Data:
* * * * * * * * *

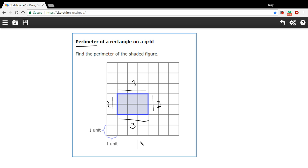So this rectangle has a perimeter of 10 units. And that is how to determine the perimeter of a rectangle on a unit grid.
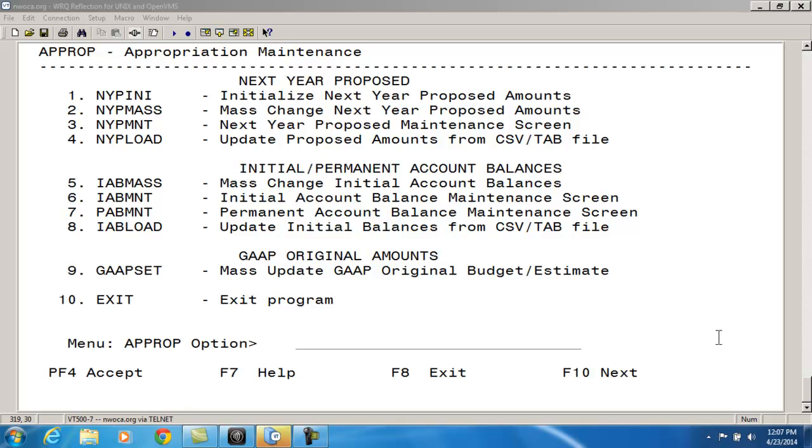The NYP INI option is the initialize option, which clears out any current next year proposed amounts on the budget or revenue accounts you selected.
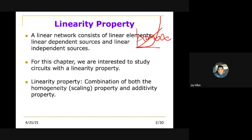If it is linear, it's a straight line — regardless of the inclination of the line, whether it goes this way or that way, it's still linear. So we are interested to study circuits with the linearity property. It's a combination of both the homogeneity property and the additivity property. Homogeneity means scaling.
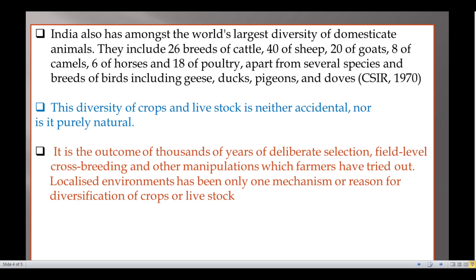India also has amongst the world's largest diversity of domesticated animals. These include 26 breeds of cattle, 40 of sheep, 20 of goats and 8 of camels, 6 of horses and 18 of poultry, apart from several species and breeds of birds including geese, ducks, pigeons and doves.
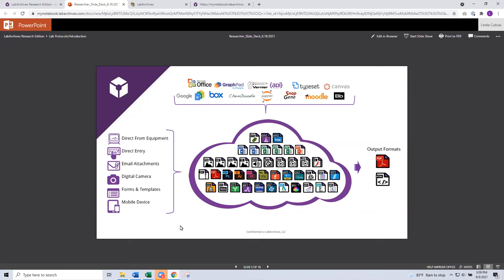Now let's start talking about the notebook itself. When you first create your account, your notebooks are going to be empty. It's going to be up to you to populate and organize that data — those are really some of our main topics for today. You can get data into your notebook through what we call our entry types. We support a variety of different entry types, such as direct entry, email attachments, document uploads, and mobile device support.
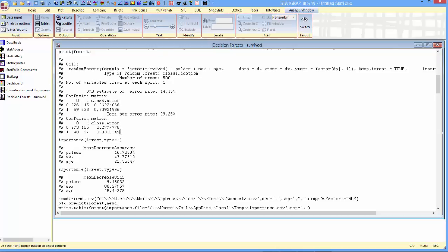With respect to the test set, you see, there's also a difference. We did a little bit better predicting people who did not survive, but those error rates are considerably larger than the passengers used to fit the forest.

* * * * * * * * *

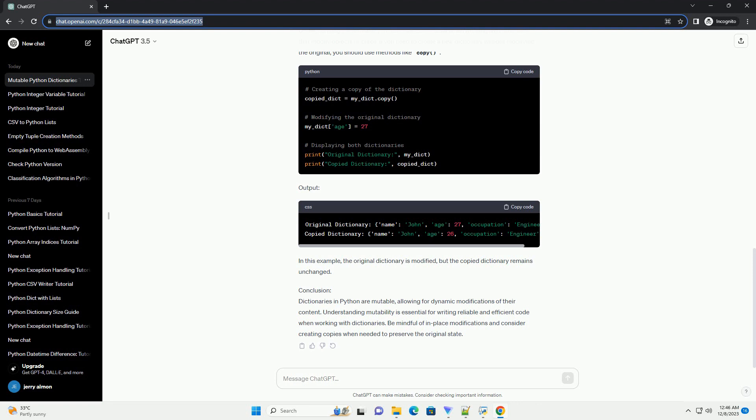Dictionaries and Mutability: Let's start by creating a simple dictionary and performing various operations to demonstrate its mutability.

* * * * * * * * *

Work instruction: Among the lines above, the one with "So this rectangle" opens the part to repeat and the one with "With respect to" closes it; repeat only that part exactly, with no pictures.

Exercise solution:
So this rectangle has a perimeter of 10 units. And that is how to determine the perimeter of a rectangle on a unit grid.
The NYP INI option is the initialize option, which clears out any current next year proposed amounts on the budget or revenue accounts you selected.
If it is linear, it's a straight line — regardless of the inclination of the line, whether it goes this way or that way, it's still linear. So we are interested to study circuits with the linearity property. It's a combination of both the homogeneity property and the additivity property. Homogeneity means scaling.
India also has amongst the world's largest diversity of domesticated animals. These include 26 breeds of cattle, 40 of sheep, 20 of goats and 8 of camels, 6 of horses and 18 of poultry, apart from several species and breeds of birds including geese, ducks, pigeons and doves.
Now let's start talking about the notebook itself. When you first create your account, your notebooks are going to be empty. It's going to be up to you to populate and organize that data — those are really some of our main topics for today. You can get data into your notebook through what we call our entry types. We support a variety of different entry types, such as direct entry, email attachments, document uploads, and mobile device support.
With respect to the test set, you see, there's also a difference. We did a little bit better predicting people who did not survive, but those error rates are considerably larger than the passengers used to fit the forest.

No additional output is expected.